Training Non-Differentiable Networks via Optimal Transport

Researchers have long struggled to train neural networks with non‑differentiable components—spiking neurons, quantized layers, discrete routing, or black‑box simulators—because backpropagation fails and surrogate gradients introduce bias. In a new paper, An T. Le unveils PolyStep, a gradient‑free optimizer that relies solely on forward passes. At each step, PolyStep evaluates the loss at structured polytope vertices in a compressed subspace, computes a softmax‑weighted assignment over the resulting cost matrix, and displaces particles toward low‑cost vertices via barycentric projection. This approach corresponds to the one‑sided limit of a regularized optimal transport problem, inheriting its geometric structure while avoiding costly Sinkhorn iterations.

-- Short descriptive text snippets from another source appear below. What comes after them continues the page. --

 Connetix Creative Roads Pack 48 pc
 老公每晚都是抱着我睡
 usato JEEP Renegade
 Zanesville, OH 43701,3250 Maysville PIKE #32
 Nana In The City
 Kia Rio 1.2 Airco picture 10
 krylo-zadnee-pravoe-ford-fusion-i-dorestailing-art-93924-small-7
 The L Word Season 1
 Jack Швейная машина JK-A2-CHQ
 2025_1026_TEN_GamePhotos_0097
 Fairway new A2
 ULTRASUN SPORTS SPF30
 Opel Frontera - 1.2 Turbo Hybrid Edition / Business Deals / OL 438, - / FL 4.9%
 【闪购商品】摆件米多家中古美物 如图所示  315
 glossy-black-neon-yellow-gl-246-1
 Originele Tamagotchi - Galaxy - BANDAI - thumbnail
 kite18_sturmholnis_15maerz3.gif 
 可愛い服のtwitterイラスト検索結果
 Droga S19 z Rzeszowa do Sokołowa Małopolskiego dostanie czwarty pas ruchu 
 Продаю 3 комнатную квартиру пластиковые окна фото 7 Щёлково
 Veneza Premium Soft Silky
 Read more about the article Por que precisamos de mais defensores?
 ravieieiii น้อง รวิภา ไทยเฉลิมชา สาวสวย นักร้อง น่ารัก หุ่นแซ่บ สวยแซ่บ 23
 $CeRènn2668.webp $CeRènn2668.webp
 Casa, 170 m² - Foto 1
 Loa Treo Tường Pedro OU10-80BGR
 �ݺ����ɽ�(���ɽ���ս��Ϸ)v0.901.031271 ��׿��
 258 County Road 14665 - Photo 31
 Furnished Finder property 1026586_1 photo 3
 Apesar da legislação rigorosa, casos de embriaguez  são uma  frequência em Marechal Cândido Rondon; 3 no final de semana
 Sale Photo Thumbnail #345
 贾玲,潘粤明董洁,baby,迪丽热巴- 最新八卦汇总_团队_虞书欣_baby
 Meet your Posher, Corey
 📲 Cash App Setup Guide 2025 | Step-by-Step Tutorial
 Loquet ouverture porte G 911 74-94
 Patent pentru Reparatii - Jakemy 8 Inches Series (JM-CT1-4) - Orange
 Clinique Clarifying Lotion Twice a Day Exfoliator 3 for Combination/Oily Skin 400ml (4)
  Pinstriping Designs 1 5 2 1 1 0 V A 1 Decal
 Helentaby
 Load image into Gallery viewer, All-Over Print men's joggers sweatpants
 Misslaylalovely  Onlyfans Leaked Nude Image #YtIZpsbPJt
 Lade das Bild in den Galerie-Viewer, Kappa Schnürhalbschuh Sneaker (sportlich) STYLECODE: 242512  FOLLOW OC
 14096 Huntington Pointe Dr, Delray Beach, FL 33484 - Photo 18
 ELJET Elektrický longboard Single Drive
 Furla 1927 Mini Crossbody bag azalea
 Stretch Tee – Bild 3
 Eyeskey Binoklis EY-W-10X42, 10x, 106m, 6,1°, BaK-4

PolyStep delivers remarkable results across challenging architectures. On hard‑LIF spiking networks it hits 93.4% test accuracy—more than 60 percentage points above existing gradient‑free methods and within 4.4 points of the surrogate‑gradient Adam ceiling. It also leads all gradient‑free competitors on int8 quantization, argmax attention, staircase activations, and hard mixture‑of‑experts routing. Scaling to MAX‑SAT problems with up to 1 million variables, PolyStep maintains above 92% clause satisfaction, while evolution strategies drop 8–12 points. In reinforcement learning policy search, it matches OpenAI‑ES on classical control tasks and retains strong performance under integer and binary quantization that cripples gradient‑based approaches. The paper further proves convergence to conservative‑stationary points at rate O(log T/√T) on piecewise‑smooth losses, upgraded to Clarke‑stationary on the headline architectures, matching known zeroth‑order query‑complexity lower bounds.